News and Events

Failure to win over ethnic minority voters could cost Tories or Labour the election

20 April 2015

Increasing their party's appeal to ethnic minority voters could help decide whether David Cameron or Ed Miliband emerges as Prime Minister, according to our report Race and Elections released 20 April 2015.

David Cameron faces a crucial battle to hold on to nine of the most ethnically diverse Conservative seats - according to constituency polls and election analysis. Whether he or Ed Miliband comes through in these seats could determine who governs Britain, giving the large ethnic minority populations in those seats an increasingly powerful voice in British democracy. 

The report Race and Elections, covers ethnic minority voters, candidates, the far right, UKIP, religious mobilisation, registration and BME groups in Scotland. It reveals that the parties were only half as likely to contact ethnic minority as white British voters in 2010. They need to close that gap this month, or they may be losing votes that could make all the difference.

Dr Omar Khan, Director of the race equality think tank the Runnymede Trust, which produced the report, said: 

“In coming elections the younger BME population will be a rising share of voters from Edinburgh to Exeter, meaning that all MPs must learn how to respond to the ethnic minority concerns highlighted in this report. The major political parties are all worried about the threat of UKIP to their electoral vote share and have re-shaped their messages and policies, particularly around immigration, accordingly. But look at the key marginal seats and it becomes clear this no longer makes electoral sense as a strategy in the Britain of 2015 – and if parties don’t speed up their response to ethnic minority voters they could pay an ever heavier price in a changing Britain in 2020 and 2025.

Together the contributions indicate the increasing importance of the BME vote, and how all the major political parties are struggling to respond to demographic change in 21st century Britain. There were 5 million more BME people reported in the 2011 Census as compared to 1991. The UK’s ethnic minority population now represents 8 million people: roughly the combined population of Scotland and Wales.

The report’s demographic analysis sets out why the ethnic minority vote will be an increasingly important part of the election battle – showing how Britain’s diversity is not only growing, it is spreading out across the country from the inner cities to a great many more marginal seats across the suburbs and market towns.

In 1992 when John Major delivered the last Conservative majority, there were only 7 seats with more than 40% BME population, and the majority of seats had less than 2% BME population. Today there are around 50 seats with a 40% BME population and the majority of seats are more than 5% BME.

The Conservatives today hold four seats over this 40% threshold, and another five seats where BME residents are a third of the population. Whether or not the Conservatives can hold on to these nine seats including Harrow East, Hendon and Croydon Central, or whether Labour can hold on to its leads locally in the final weeks, will be crucial to deciding who governs.

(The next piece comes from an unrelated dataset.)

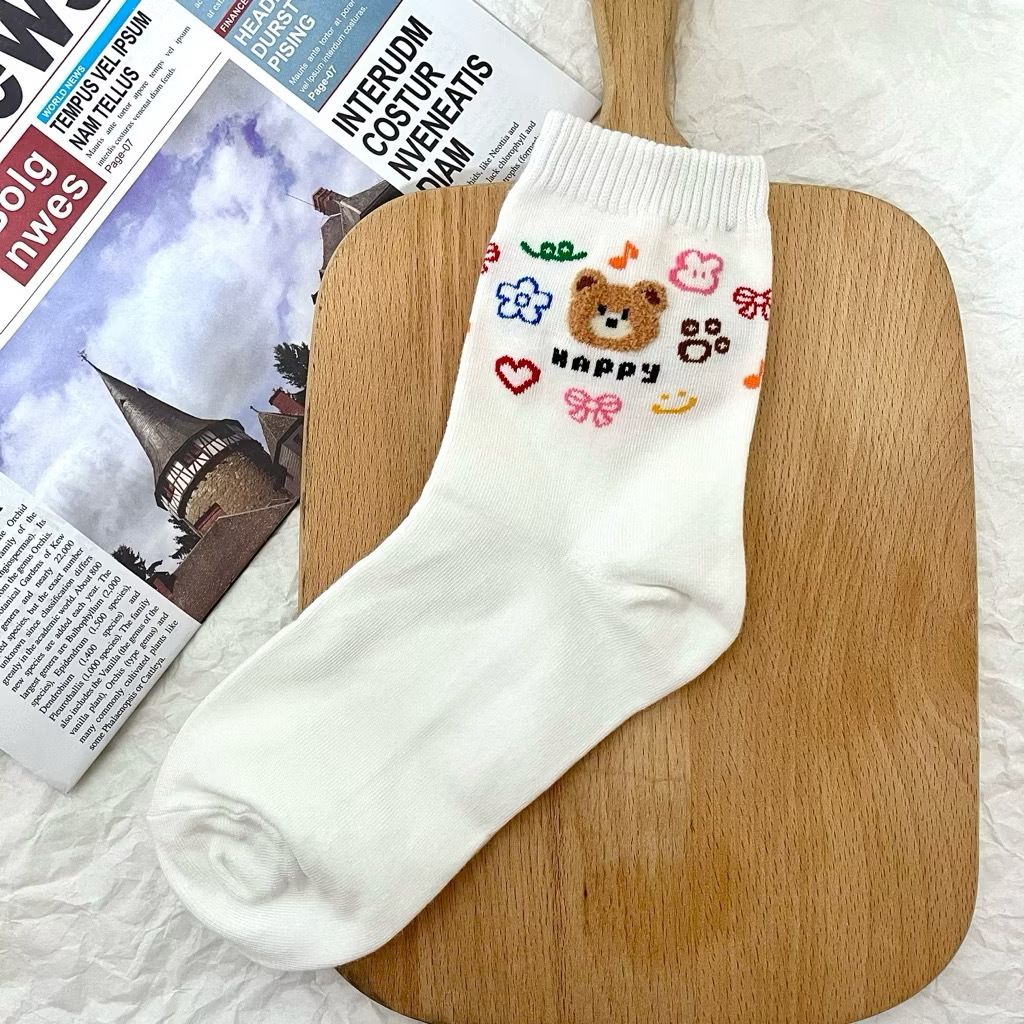 image_2E7CCAC6-6B9A-4B9A-A208-A42695C82FEE_1764039165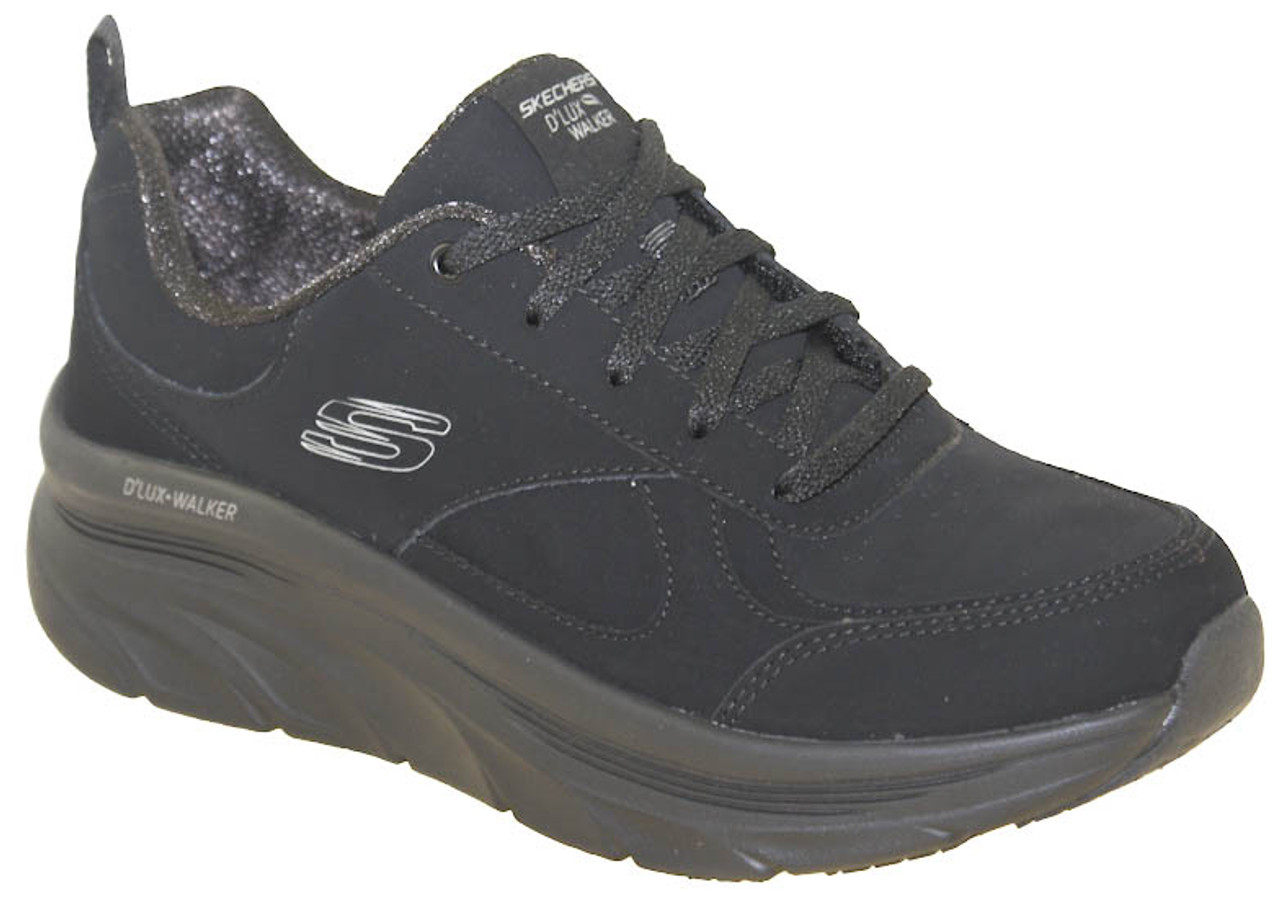 skechers shape ups womens shoes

However it’s not just in London, Birmingham and Bradford where the BME vote is now significant, but Cheadle, Cambridge and Ipswich. The increasing dispersal of BME voters to the suburbs and towns mean that the ‘typical’ English seat, particularly in the Southeast, will be much more diverse than it was in the 1980s and 1990s, when the Conservatives last won parliamentary majorities. By 2021, even Tunbridge Wells and Thanet will have BME populations that approach 8-10%.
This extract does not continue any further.